=== Exercise ===
Of the lines in the data below, write out exactly those from the one holding "เมาส์ออปติคอลมีสาย DELUX M618" through the one holding "DYSANKY Insulated Water", both included.

┌──

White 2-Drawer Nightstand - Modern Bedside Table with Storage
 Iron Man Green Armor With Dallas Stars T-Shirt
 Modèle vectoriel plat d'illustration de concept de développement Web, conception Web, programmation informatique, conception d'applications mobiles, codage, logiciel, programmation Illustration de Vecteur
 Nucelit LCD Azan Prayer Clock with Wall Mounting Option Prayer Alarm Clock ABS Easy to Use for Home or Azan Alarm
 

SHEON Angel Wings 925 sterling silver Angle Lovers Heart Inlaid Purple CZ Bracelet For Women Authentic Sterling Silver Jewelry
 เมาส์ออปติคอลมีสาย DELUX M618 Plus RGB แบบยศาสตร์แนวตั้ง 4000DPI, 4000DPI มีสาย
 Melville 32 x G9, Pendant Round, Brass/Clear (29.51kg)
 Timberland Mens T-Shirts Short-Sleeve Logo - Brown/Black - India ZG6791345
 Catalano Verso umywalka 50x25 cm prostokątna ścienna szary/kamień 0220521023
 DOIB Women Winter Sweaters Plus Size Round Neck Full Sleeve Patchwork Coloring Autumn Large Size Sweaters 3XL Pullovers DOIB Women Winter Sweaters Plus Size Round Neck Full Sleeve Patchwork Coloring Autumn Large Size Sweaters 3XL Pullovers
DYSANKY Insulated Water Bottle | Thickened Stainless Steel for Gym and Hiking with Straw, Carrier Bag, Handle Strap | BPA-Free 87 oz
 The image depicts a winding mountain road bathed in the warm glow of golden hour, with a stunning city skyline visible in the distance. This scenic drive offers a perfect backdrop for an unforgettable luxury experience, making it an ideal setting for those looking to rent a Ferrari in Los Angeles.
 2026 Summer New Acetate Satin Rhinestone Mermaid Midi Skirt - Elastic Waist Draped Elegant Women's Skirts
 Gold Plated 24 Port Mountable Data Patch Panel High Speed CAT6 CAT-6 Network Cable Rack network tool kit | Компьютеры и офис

└──

=== Written answer ===
 เมาส์ออปติคอลมีสาย DELUX M618 Plus RGB แบบยศาสตร์แนวตั้ง 4000DPI, 4000DPI มีสาย
 Melville 32 x G9, Pendant Round, Brass/Clear (29.51kg)
 Timberland Mens T-Shirts Short-Sleeve Logo - Brown/Black - India ZG6791345
 Catalano Verso umywalka 50x25 cm prostokątna ścienna szary/kamień 0220521023
 DOIB Women Winter Sweaters Plus Size Round Neck Full Sleeve Patchwork Coloring Autumn Large Size Sweaters 3XL Pullovers DOIB Women Winter Sweaters Plus Size Round Neck Full Sleeve Patchwork Coloring Autumn Large Size Sweaters 3XL Pullovers
DYSANKY Insulated Water Bottle | Thickened Stainless Steel for Gym and Hiking with Straw, Carrier Bag, Handle Strap | BPA-Free 87 oz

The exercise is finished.